Il faut replacer le rebond diplomatique d’Alger dans un contexte régional et international difficile, qui connaît une évolution considérable, marquée par l’instabilité, la montée de la menace terroriste et l’escalade de tensions interétatiques. Cette analyse vise ainsi à évaluer le poids et la visée diplomatique de l’Algérie et disséquer ses atouts géostratégiques et les défis auxquels le pays doit faire face.

Algeria is endowed with a strong geostrategic, human and economic potential, which should enable it to become a key regional player. Its surface area (2.382 million km²) makes it the largest country around the Mediterranean and the largest country in Africa. Located at the crossroads of three continents, Africa, Asia and Europe, the country abounds in energy resources and minerals, which give it undeniable geostrategic advantages. On the other hand, Algerian diplomacy is facing internal and external crises that risk compromising its regional ambitions.

The diplomatic rebound of Algiers must be placed in a difficult regional and international context, which is undergoing considerable change, marked by instability, the rise of the terrorist threat and the escalation of inter-state tensions. This analysis thus aims to evaluate the weight and the diplomatic aim of Algeria and to dissect its geostrategic assets and the challenges which the country must face.
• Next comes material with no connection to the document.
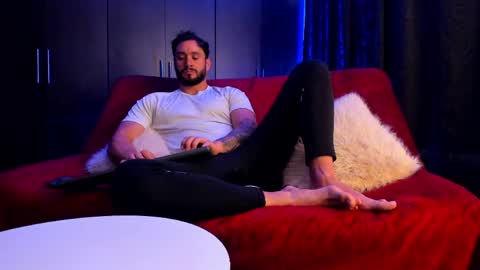 Sergi Mancini online show from 05-03-26, 06:25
depuis la chute d’Abdelaziz Bouteflika, l’Algérie tente de restaurer son rôle de puissance régionale. Alger compte sur plusieurs atouts : sa dimension territoriale gigantesque, qui regorge de ressources naturelles comprenant le gaz et le pétrole et des minerais comme le fer et le phosphate. Elle détient une armée puissante : classée deuxième en Afrique, après l’Égypte, elle est dotée de moyens modernes et d’armes de pointe. Sa population constitue une richesse considérable avec 43 millions de personnes, dont près des deux tiers ont moins de 30 ans.
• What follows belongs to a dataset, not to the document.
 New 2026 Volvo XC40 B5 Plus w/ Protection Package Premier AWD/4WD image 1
Pourtant, le pays peine à sortir de sa dépendance économique et de ses crises chroniques, qui le fragilisent. La volonté d’Alger de revenir sur le plan régional se heurte à un contexte difficile marqué par l’instabilité régionale et une profonde reconfiguration géopolitique accompagnées de crises multiples, qui représentent des opportunités et des défis que le pays doit relever. Il importe d’analyser sa stratégie et sa capacité d’adaptation pour mieux répondre aux nouveaux défis et aux nouvelles menaces.
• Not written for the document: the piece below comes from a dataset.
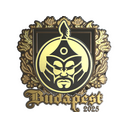 The Mongolz (Gold) | Budapest 2025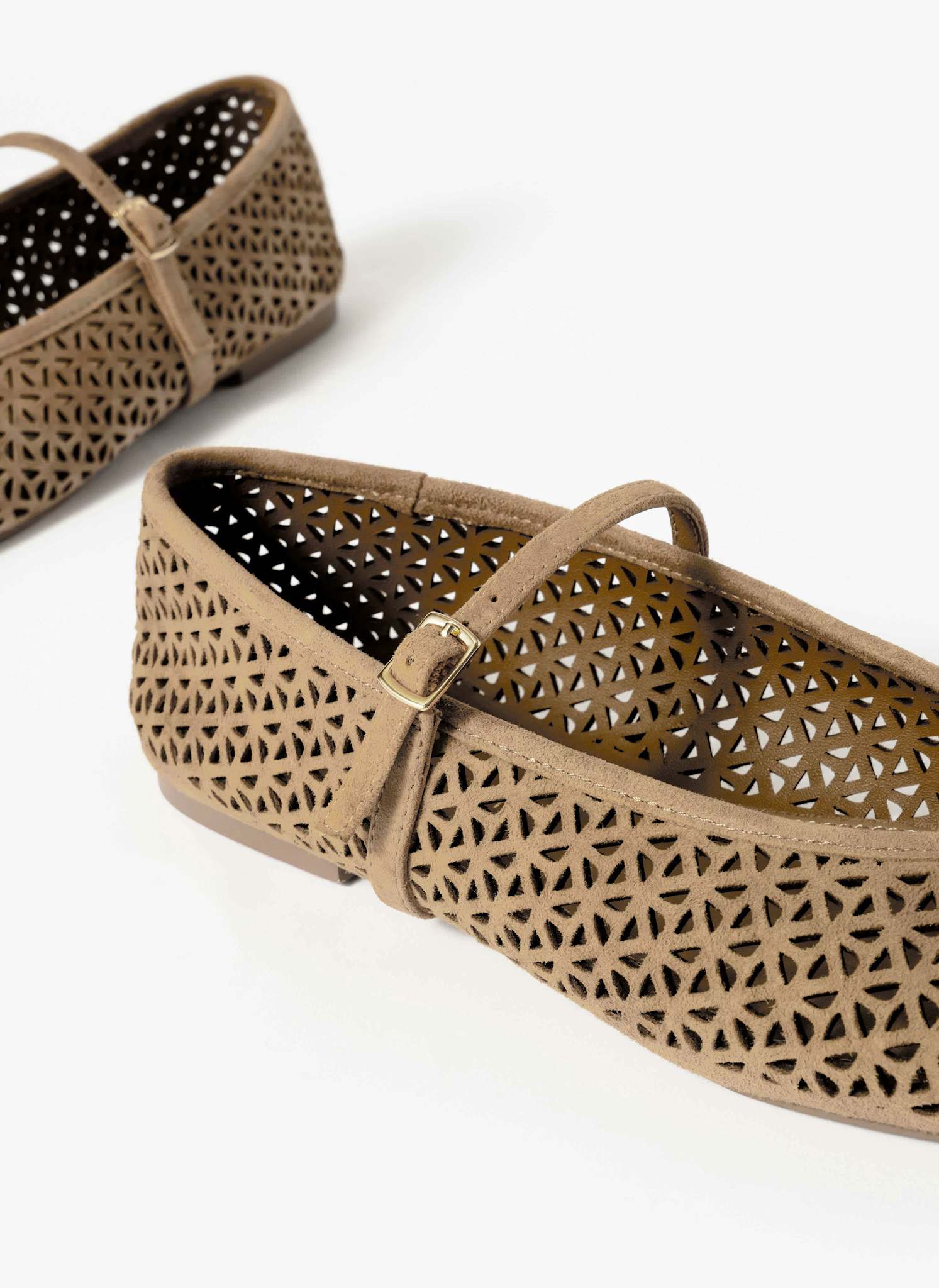 11784-tabi-tan-suede-ballet-flats-6.jpg Tabi Tan Suede Ballet Flats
Sahara occidental et l’évolution du rapport de force entre Alger et Rabat

Le conflit du Sahara occidental constitue un facteur majeur de tensions entre l’Algérie et le Maroc sur fond de la concurrence pour le leadership de la région. Le regain des affrontements entre l’armée marocaine et le Front Polisario depuis fin 2020 a fait volé en éclat le cessez-le-feu de 1991, conduisant à une escalade sans précédent des tensions entre Alger – qui soutient le mouvement indépendantiste – et Rabat. Ces tensions, accompagnées d’une passe d’armes verbale et d’incidents diplomatiques, ont accéléré l’escalade qui a atteint son paroxysme par la décision d’Alger de rompre les relations diplomatiques avec le voisin le 24 août 2021 et de fermer son espace aérien – les frontières terrestres sont fermées depuis 1994.

Les autorités algériennes accusaient le Makhzen de provocation à la suite des déclarations du diplomate marocain à l’ONU, Omar Hilale, lors d’une réunion des non-alignés les 13 et 14 juillet 2021 à New York, évoquant dans une note le « droit à l’autodétermination » du « peuple kabyle ». En visite au Maroc entre les 11 et 12 août 2021, le ministre israélien des Affaires étrangères, Yaïr Labid, a exprimé des « inquiétudes au sujet du rôle joué par l’Algérie dans la région » et « son rapprochement avec l’Iran ».

De telles déclarations ont ravivé les tensions entre le Maroc et l’Algérie qui rétorque, à son tour, en accusant son voisin d’avoir apporté son soutien au Mouvement pour l’autodétermination de la Kabylie (MAK) et le mouvement islamiste Rachad, classés tous les deux comme organisations terroristes par les autorités algériennes. Les révélations de l’affaire d’espionnage Pegasus, du nom du logiciel développé par une société israélienne que Rabat aurait utilisé pour espionner de hauts responsables algériens, n’ont fait qu’envenimé davantage les relations entre les deux voisins.